> **Required action**: When the line containing "World humanitarian day" appears in the entries below, begin printing there and stop after the line containing "Toilet Paper Holders"; print each of those lines exactly and no other line.
(Data for analysis Opens)
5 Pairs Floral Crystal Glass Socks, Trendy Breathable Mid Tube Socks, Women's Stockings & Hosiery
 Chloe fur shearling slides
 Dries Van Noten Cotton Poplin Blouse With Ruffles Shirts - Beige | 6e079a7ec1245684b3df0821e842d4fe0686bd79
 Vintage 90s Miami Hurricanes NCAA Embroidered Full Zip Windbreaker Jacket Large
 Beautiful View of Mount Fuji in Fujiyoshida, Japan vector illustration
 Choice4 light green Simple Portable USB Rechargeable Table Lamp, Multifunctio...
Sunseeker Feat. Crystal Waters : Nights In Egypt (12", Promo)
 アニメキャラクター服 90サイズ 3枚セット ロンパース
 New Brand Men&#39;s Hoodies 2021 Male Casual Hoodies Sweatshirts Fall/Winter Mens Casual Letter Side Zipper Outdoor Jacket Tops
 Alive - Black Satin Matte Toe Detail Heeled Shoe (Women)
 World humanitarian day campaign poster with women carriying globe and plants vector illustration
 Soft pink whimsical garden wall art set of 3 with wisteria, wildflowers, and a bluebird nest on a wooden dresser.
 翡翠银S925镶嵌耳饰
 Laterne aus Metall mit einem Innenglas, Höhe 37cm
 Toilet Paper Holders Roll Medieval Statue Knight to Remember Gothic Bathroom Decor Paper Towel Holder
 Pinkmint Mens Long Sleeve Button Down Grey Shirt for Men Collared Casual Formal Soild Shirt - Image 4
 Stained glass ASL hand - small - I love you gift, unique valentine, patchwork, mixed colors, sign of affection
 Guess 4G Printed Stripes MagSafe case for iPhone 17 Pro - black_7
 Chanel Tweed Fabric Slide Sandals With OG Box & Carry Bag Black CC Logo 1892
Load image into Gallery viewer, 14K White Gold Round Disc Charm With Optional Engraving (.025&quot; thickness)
(Data for analysis Closes)
> **Answer to this problem**:
 World humanitarian day campaign poster with women carriying globe and plants vector illustration
 Soft pink whimsical garden wall art set of 3 with wisteria, wildflowers, and a bluebird nest on a wooden dresser.
 翡翠银S925镶嵌耳饰
 Laterne aus Metall mit einem Innenglas, Höhe 37cm
 Toilet Paper Holders Roll Medieval Statue Knight to Remember Gothic Bathroom Decor Paper Towel Holder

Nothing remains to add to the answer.